Wie können wir diese begrenzte Sicht ändern? Einfach indem wir verstehen, dass sie dem Zweck dient, die Falschgesinntheit des Ego in uns zu schützen, und dass dieser Zweck – unser Einverständnis und unsere große Bereitwilligkeit vorausgesetzt – geändert werden kann. Dazu ein Beispiel: Helen Schucman, die Psychologin, die den Kurs niederschrieb, erhielt einmal von Jesus folgende Botschaft über ihre schwierige Beziehung zu ihrem Kollegen und Freund Bill Thetford: »Ihr bemerkt nicht, wie sehr ihr einander hasst. Ihr werdet den Hass [das Ego] erst loswerden, wenn ihr ihn bemerkt, denn bis dahin werdet ihr glauben, dass ihr einander loswerden und den Hass [das Ego] behalten wollt« (Kenneth Wapnick, Jenseits der Glückseligkeit , Greuthof, 1999, S.339).

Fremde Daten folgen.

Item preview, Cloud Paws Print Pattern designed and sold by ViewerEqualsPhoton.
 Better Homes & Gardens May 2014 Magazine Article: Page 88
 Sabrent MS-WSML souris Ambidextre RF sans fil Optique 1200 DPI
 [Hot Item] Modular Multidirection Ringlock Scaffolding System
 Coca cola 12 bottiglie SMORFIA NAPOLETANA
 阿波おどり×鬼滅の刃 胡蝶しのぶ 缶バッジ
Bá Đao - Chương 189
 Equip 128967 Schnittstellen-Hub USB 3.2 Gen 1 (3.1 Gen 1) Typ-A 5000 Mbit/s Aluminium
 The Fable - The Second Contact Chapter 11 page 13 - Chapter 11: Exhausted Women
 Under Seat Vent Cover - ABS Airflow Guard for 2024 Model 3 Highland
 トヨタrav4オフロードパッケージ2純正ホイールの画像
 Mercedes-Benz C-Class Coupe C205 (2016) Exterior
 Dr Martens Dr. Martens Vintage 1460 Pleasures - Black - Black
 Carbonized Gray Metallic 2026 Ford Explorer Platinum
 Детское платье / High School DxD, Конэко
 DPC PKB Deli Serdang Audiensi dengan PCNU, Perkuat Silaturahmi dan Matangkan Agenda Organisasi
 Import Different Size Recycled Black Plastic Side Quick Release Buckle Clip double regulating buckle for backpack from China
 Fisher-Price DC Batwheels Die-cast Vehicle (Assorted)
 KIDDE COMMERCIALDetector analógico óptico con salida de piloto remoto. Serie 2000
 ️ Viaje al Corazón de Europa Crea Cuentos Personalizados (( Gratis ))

Den anderen loswerden und den Hass behalten ist in der Welt, die die Sinne uns zeigen, ein naheliegender, aber untauglicher Versuch, mit dem eigenen Schmerz fertigzuwerden. Wir praktizieren ihn alle. Hass – Ärger, die kleinste Gereiztheit –, kommt jedoch aus dem quälenden Egodenksystem der Verschiedenheit, von dem wir alle unbewusst angezogen sind und unter dem wir gleichzeitig leiden. Sprich: Er ist eine Projektion aus dem Innern und keine Reaktion auf das, was andere tun, so lieblos oder furchtbar es in der Welt auch sein mag. Es ist nicht leicht zu begreifen, dass ein Teil von uns andere auf einer unbewussten Ebene negativ haben will, damit wir »in aller Unschuld« sagen können: »Ich bin anders als du.« Wir müssen nicht gutheißen, was jemand tut, und sollten auf der Verhaltensebene angemessen reagieren. Der Fehler ist unsere Empörung. Sie verrät uns die Absicht, den Traum der Trennung und Unterschiede wahr zu machen. Wenn wir das mit ganz ruhigen Augen anschauen, beginnen wir, die wirkliche Alternative zu verstehen: Die Lösung ist, die Investition in das Denksystem aufzugeben, das Trennung und Empörung erzeugt, und aus dieser Geisteshaltung zu handeln. Wie könnten wir das besser tun, als andere für dieses selbe Denksystem nicht anzugreifen?

Am Ende von Sartres Drama öffnet sich unerwartet die Tür: Die Beteiligten stellen fest, dass sie immer frei waren und nur dachten, sie seien gefangen. Wir sind nicht als Körper frei, wir stecken in Rollen und Zusammenhängen, die Aufmerksamkeit fordern, »doch die Vergebung schaut über Körper hinweg« (B-4.5:3). Sie schaut auf den Geist, der zwischen Täuschung und Wahrheit wählt. In dieser Wahl sind wir frei und deshalb frei in unserer Betrachtung der Welt, die daraus folgt. Der mitfühlende Blick für unser gemeinsames Leiden in einem Leben der Besonderheit, in dem wir, wie Arthur Schopenhauer sagte, sowohl »gequälte Seelen« als auch »Teufel« füreinander sind, die Bereitwilligkeit, unser Denken über uns, andere und den Zweck unserer Beziehungen zueinander zu ändern – das ist im Eingangszitat mit Lernen gemeint –, bringt uns schließlich zum Ziel: »Das Antlitz Christi (Symbol der Vergebung) muss gesehen werden, bevor die Erinnerung an Gott zurückkehren kann« (H-3.4:1).

Und so wird der Sinn jeder Begegnung, der tausendmal und weitere tausend Male geübt werden muss, sich über das Schlachtfeld der Situation und der Emotionen zu erheben und das gemeinsame Interesse zu sehen, uns gegenseitig in der Angst beizustehen: »Sei einen Augenblick ganz still. Komm ohne jeglichen Gedanken dessen, was du je zuvor gelernt hast, und lege alle Bilder, die du machtest, weg« (T-31.II.8:1). Dieser Augenblick der Stille, in der das Andere in uns spricht, ist die Tür zur Freiheit. Dann – und nur dann – sehen wir im anderen unseren Bruder: eins mit uns im qualvollen Traum der Besonderheit, der Schuld und Angst, eins mit uns im Ruf nach Liebe und eins mit uns in der Wahrheit der Unschuld. Bevor wir urteilen, könnten wir innehalten und uns erinnern: »Die Antwort, die ich meinem Bruder gebe, ist das, worum ich bitte. Und was ich lerne über ihn, ist, was ich über mich selbst lerne« (T-31.II.6:2-3).